Black Summer’s focus is on telling small situational survival stories that interlink together. Most of the time, the simpler the story the better the episode. The tone is serious and suspenseful. There’s no off-beat humor like in Z-Nation. Primarily shot with a single hand-held camera, the realistic look is a good fit for Black Summer. The camera perspective can make the viewer feel like they are right there in the action and when a zombie gets dangerously close, the narrow escapes are that much more intense.
Black Summer does not wrestle with the moral dilemmas one faces in the zombie outbreak. Characters are defined by their quick-thinking actions rather than a deep examination of the ethical choices to be made. The characters’ backstories are also not a priority. We first meet “Spears” in handcuffs. The crime he may have committed is not depicted. What we do see is that he’s dangerous to those that pose a threat to his survival. In the outbreak, his survival instincts make for a strong asset to the group.
Black Summer needs more than zombie scares in order for me to be emotionally invested. The writing could be improved by charting the progression of key characters. It’s more satisfying to see a character gradually grow through their experiences in a logical manner. An exception is that Lance is a consistently written character. He’s out of his element in the outbreak and that never really changes. The main characters are portrayed by relatively unknown yet competent actors. Jamie King, who plays Rose, is very good at conveying her character’s heightens emotions through her facial expressions.

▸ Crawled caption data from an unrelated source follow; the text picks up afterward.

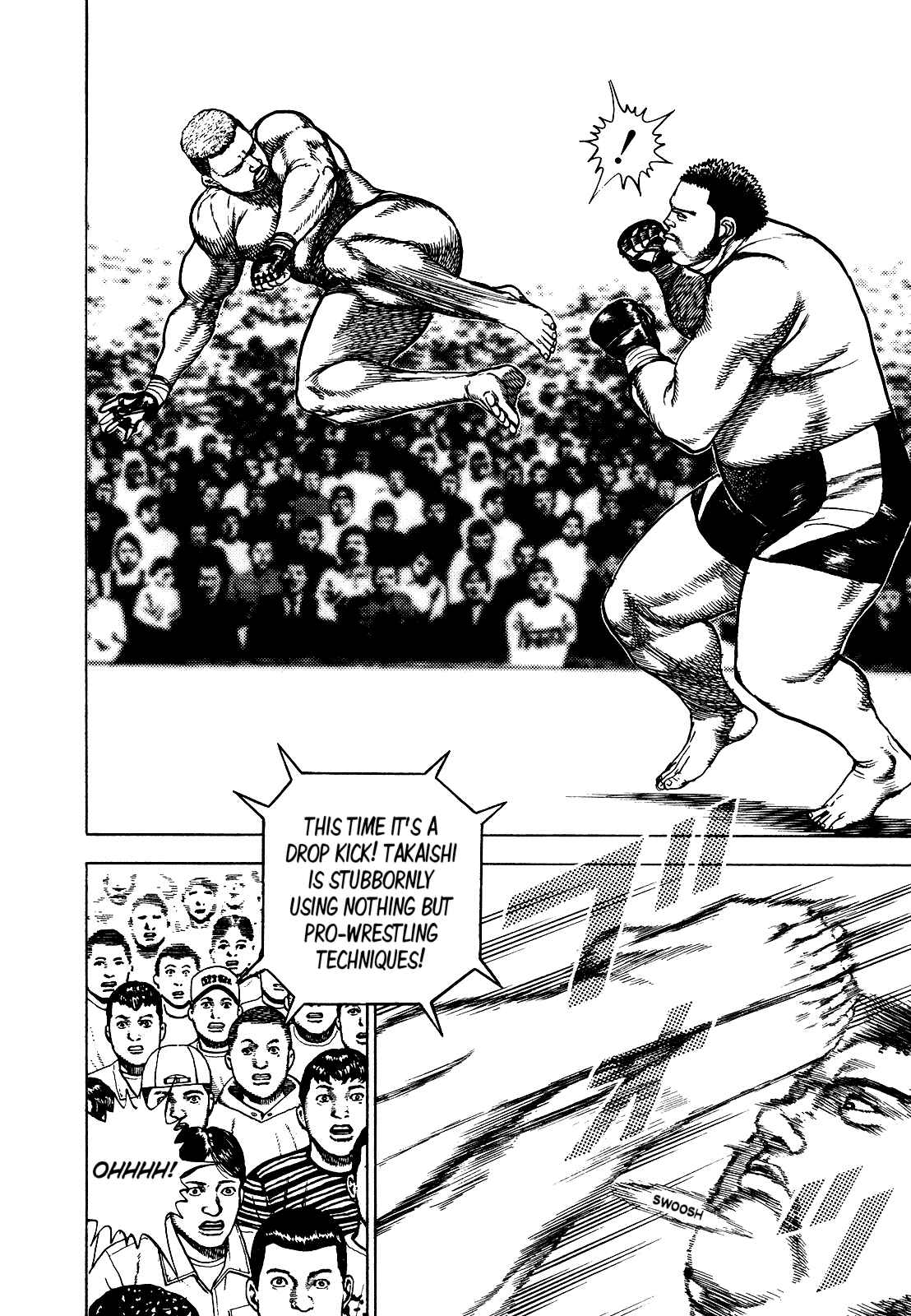 Page 14 Chapter 270 Koukou Tekken-den Tough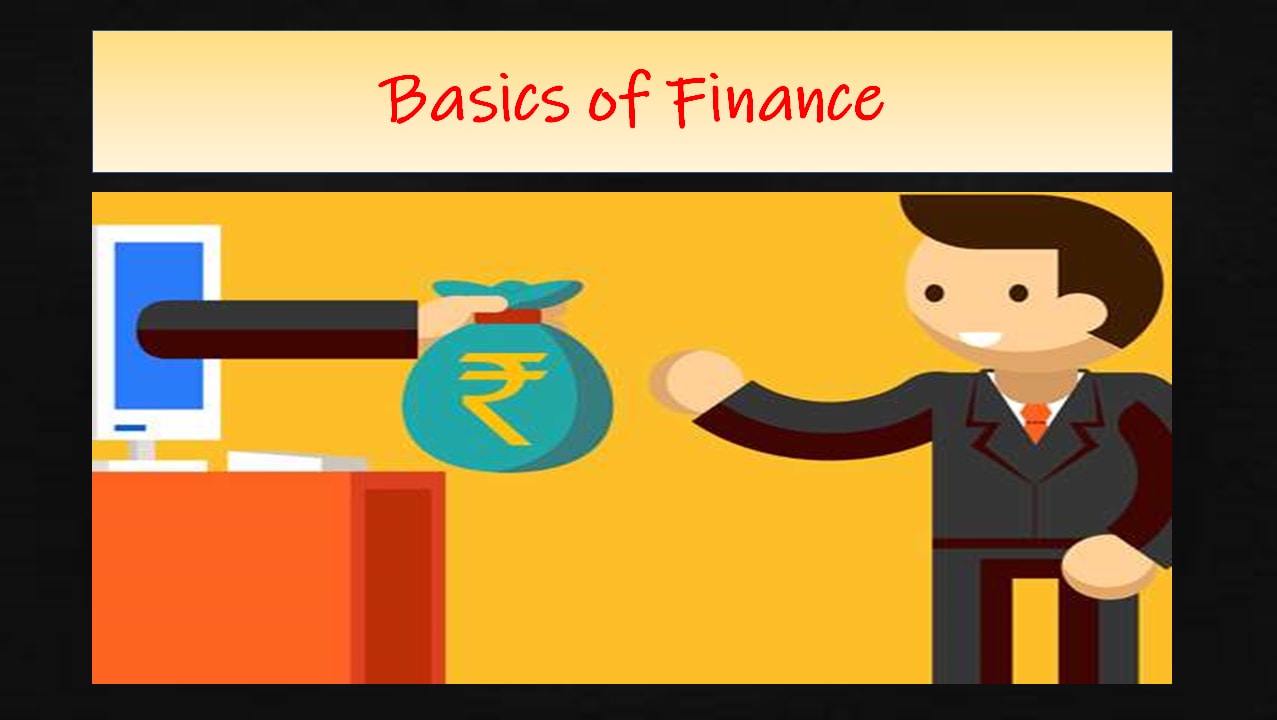 basics of finance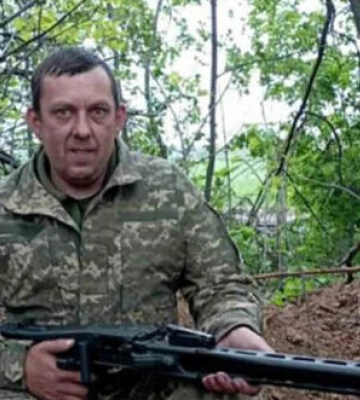 На передовій загинув військовий з Нікополя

The dialogue is kept to a minimum. Sun, a Korean woman, does not speak English. And Ryan is deaf, he’s played by a real-life deaf actor. We get to see how difficulties in communicating play out in life or death situations. Inter-titles are inserted in between scenes, perhaps as a nod to silent era films. But it’s mostly because Black Summer is light on exposition, so there’s a need to provide added context at times. Even with this narrative device, there are gaps in the storytelling where the audience must work out the missing details themselves. Some viewers might find this to be frustrating at times.

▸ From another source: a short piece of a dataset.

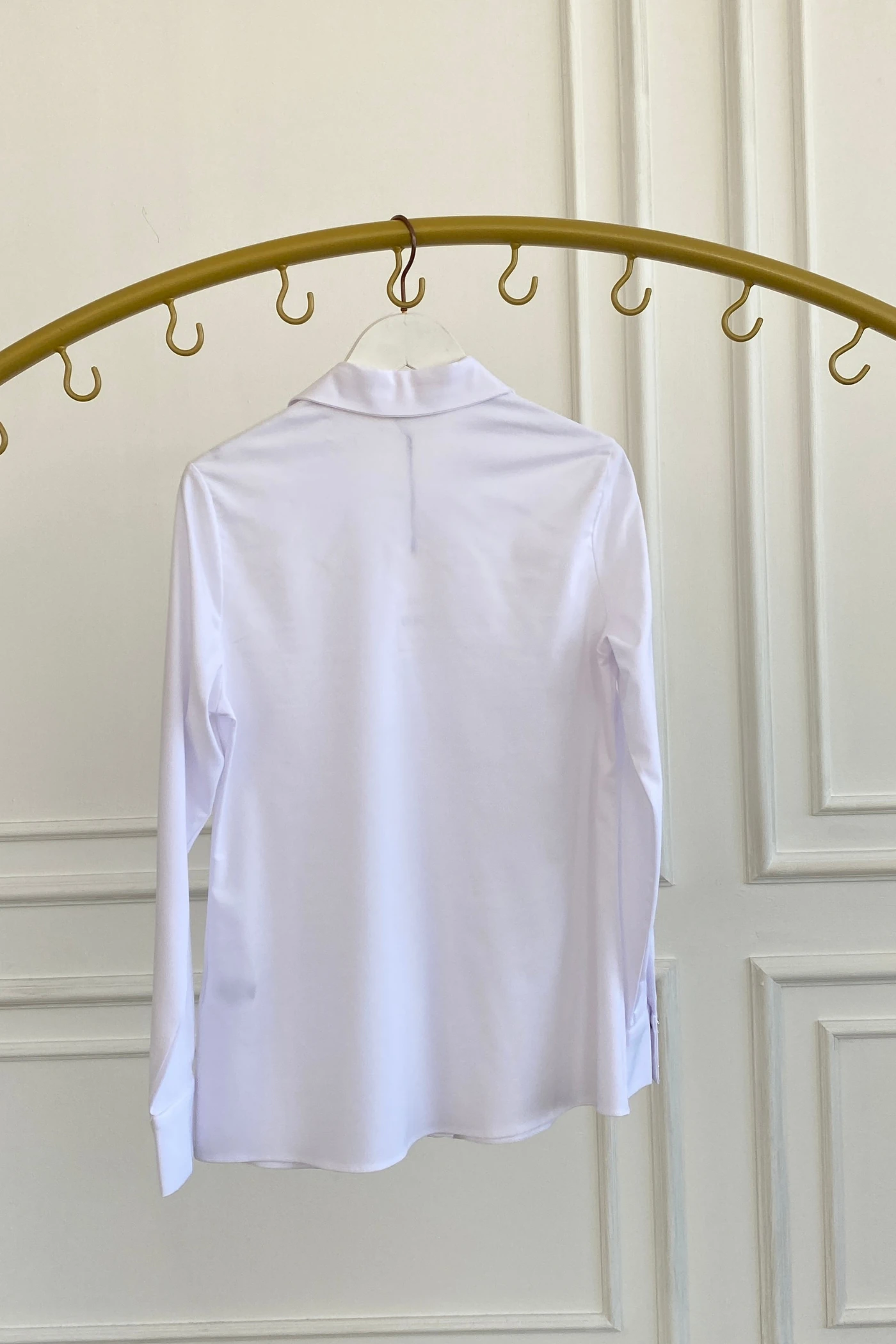 Klasik Poplin Pamuk Gömlek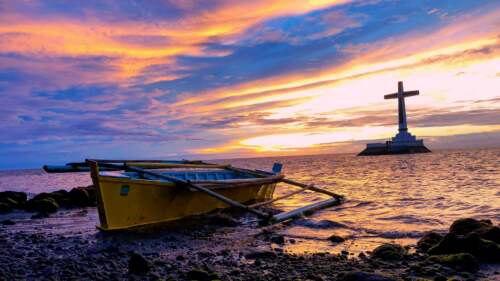 The Sunken Cemetery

For a season consisting of 8 episodes, Black Summers is a quick binge-watch in between your favorite shows. While this series doesn’t reinvent the genre, Black Summer offers it’s own take on realistic survival horror. Viewers will appreciate that the zombies are a focal point. But there should also be other compelling elements layered into the survival stories. Black Summer would benefit from mapping out the character progression. The criticisms are fixable in a second season.